_Data to use_

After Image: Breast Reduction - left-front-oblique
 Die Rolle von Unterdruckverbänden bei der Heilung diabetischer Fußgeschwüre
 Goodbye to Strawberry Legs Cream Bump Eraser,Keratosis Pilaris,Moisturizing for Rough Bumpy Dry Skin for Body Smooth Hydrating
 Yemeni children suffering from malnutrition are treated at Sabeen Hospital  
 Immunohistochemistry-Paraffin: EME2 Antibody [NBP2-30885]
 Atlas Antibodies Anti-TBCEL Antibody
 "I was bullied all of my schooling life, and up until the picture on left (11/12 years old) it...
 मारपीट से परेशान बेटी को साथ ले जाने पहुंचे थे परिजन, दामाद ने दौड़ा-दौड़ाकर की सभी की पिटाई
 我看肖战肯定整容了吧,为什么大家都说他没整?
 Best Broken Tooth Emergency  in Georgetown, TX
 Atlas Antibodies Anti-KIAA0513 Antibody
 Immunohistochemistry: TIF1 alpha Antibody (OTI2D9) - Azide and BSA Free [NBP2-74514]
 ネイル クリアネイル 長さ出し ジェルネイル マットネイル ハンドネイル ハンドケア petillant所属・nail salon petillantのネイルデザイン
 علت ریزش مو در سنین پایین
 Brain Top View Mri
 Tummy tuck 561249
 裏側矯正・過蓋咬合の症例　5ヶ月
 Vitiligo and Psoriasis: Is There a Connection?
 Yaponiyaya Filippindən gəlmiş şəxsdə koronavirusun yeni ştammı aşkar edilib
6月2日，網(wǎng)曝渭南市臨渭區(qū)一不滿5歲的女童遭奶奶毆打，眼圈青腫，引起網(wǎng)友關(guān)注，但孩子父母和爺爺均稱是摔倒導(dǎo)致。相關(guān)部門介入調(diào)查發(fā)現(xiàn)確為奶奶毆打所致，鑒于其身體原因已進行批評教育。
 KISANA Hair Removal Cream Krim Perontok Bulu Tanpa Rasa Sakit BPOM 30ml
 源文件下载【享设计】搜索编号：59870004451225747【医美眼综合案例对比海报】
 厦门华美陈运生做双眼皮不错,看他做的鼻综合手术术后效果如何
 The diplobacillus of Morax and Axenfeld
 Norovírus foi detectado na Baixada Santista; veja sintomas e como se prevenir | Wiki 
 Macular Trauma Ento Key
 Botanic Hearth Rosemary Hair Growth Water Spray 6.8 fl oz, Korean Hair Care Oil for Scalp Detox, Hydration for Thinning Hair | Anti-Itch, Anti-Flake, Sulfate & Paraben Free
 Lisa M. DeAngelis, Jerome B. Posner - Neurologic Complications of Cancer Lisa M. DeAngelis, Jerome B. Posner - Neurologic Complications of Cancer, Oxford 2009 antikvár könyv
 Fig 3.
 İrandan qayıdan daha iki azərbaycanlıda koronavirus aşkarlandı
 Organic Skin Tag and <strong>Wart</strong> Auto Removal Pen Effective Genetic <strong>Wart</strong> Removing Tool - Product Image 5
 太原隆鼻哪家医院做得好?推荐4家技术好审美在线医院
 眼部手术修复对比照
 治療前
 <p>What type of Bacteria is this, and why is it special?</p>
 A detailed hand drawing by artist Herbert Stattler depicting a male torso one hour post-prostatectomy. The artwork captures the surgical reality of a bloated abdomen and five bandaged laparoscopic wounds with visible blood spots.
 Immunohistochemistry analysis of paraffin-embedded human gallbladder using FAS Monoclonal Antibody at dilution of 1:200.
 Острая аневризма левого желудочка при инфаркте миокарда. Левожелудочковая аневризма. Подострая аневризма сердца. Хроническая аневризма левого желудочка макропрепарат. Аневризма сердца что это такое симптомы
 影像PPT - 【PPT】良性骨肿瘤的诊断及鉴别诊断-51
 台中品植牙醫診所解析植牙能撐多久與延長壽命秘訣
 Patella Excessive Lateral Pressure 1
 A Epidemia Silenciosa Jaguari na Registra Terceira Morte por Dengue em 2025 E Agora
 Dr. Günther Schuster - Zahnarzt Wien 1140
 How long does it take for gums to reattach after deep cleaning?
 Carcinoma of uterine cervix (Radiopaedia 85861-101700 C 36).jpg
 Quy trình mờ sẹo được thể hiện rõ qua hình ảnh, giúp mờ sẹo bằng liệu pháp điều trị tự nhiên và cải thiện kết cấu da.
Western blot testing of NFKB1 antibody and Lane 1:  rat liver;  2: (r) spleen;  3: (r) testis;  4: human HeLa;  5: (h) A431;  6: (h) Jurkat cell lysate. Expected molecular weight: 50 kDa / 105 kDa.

_Assignment_
Lines above containing "human": give their number only.

_Result of this exercise_
2